I'm glad you figured that out, but I honestly thought everyone knew that..A simple thing I repeat to myself is "loose muscles are fast muscles", and it helps me to relax more through my swing. Congrats, you are step closer to super drives.


----------



## jump15vc (Jul 30, 2006)

if you want proof of how club lag is the key to big drive look at sergio. monster drives from a little guy because of unreal wrist flexibility and lag.


----------



## zaphod (Jan 3, 2007)

This is why I love the game of Golf. The swing is intricate enough to allow for many EUREKA moments.

BTW I've achieved another consistent 10 yards on my drive. I believe its called the "foot wedge" Opps --did not see you were looking. Well I guess it was an accident but we'll play it from there anyways if you do not mind. It's such a bother to move the ball back. :laugh: 

relaxed muscles----drag and lag

my mantra


----------



## brownman (Apr 15, 2007)

*loose grip*

I to have messin round with driver,just trying to squeeze that extra yardage.I think we all do,I started to feel loose like a goose and virtually had no grip pressure.It actually felt great,no more distance but felt good.

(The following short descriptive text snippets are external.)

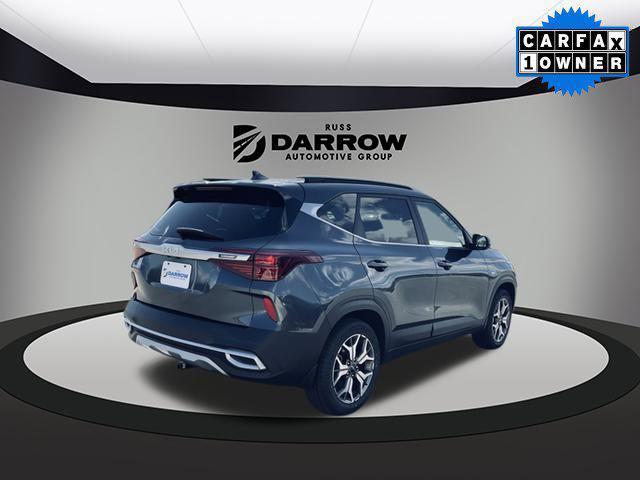 used 2022 Kia Seltos car, priced at $20,390
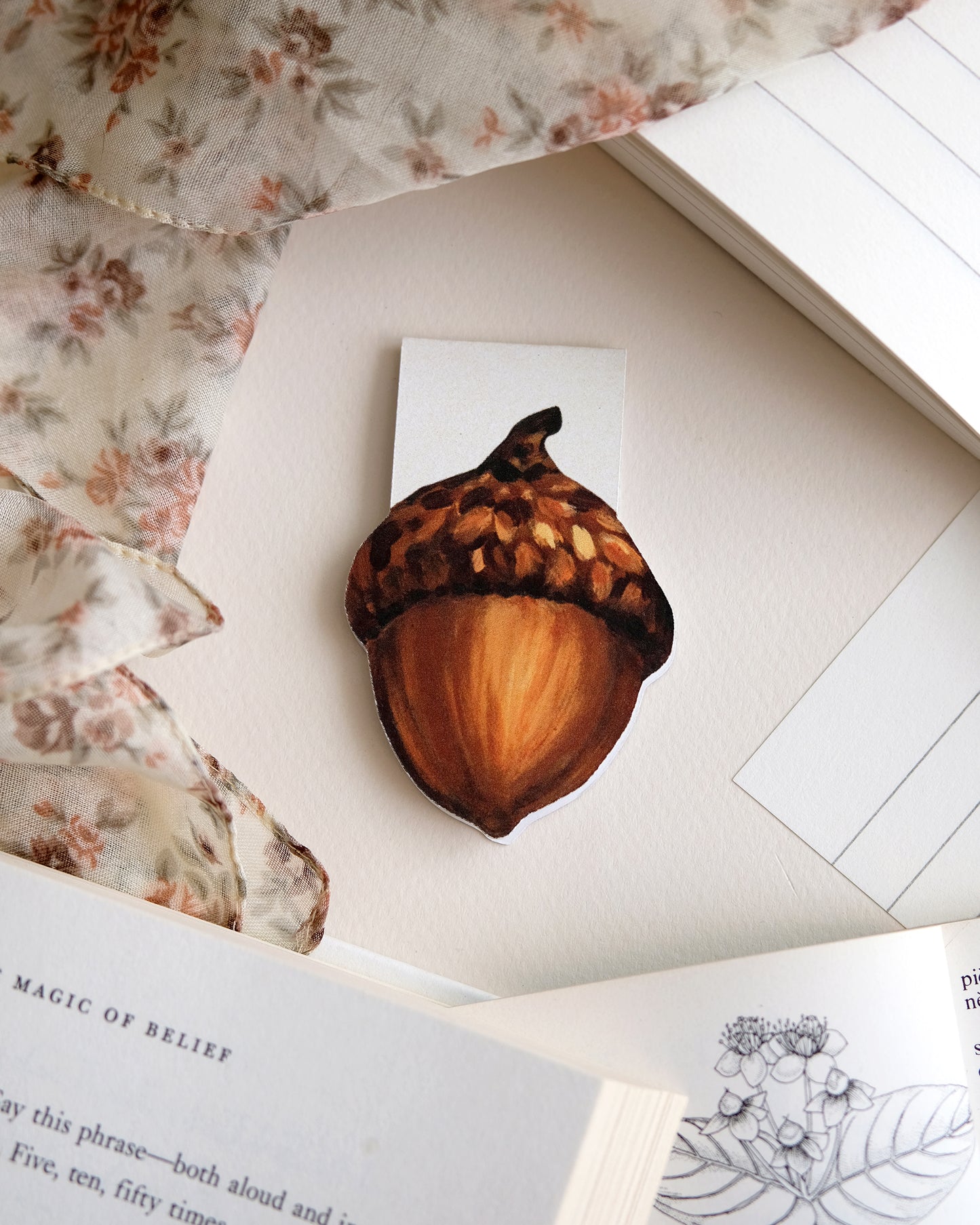 Acorn - Bookmark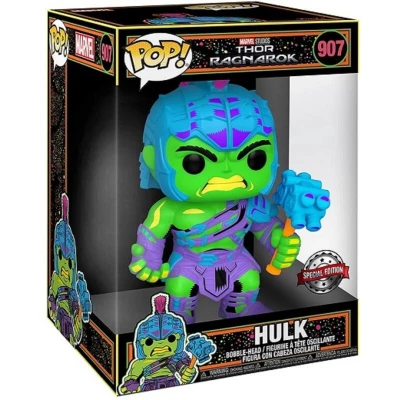 Afbeelding van Marvel Thor Ragnarok: Gladiator Hulk (Blacklight) Funko Pop #907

In saying that,of late ive heard a bit more about "impact zone"and "scim the stone across the water"actions,I,m not sure that is achievable without grip pressure.Has any one got any thoughts on this.
TERRY


----------



## 300Yards (Jan 23, 2007)

Your grip pressure should be light, but not so much, that the clubs flies out of your hand. When you keep the grip loose, it allows you to bend your wrists more, thus creating more power.


----------



## brownman (Apr 15, 2007)

*grip pressure*

Hi again,as usual went to the p/fairway and just belted away naturally ,the ball she no go so good.So ima thinka to myself,(D...HEAD).So I went and picked my white toys and started again,this time concentrated,mainly worked on very light g/pressure,also ensured that I didnt sway on b/swing plus worked on the hitting zone(hinging the wrists etc).
I actually enjoyed seeing the balls travelling consistently with a bit of draw with 10 or 20 metres more than I usually hit.Im not sure what I actually have to thank,grip,no sway or hinge.I would really think its all 3 things combined,dont you.
By the way,when I said I just belted away, it was really my way of warming up and having a bit of fun before the real practice began.
TERRY


----------



## cbwheeler (Apr 9, 2007)

300Yards said:


> I'm glad you figured that out, but I honestly thought everyone knew that..A simple thing I repeat to myself is "loose muscles are fast muscles", and it helps me to relax more through my swing. Congrats, you are step closer to super drives.


Yea it's weird. But as I've encountered a lot in my life, not everyone is gifted with golf common sense.


----------



## King (Apr 24, 2007)

i have kind of learned this.. i use my wrists, but sometimes i catch myself gripping the club hard like i just want to kill the ball.. and i tell myself to just cut loose and hit it smoooth.


----------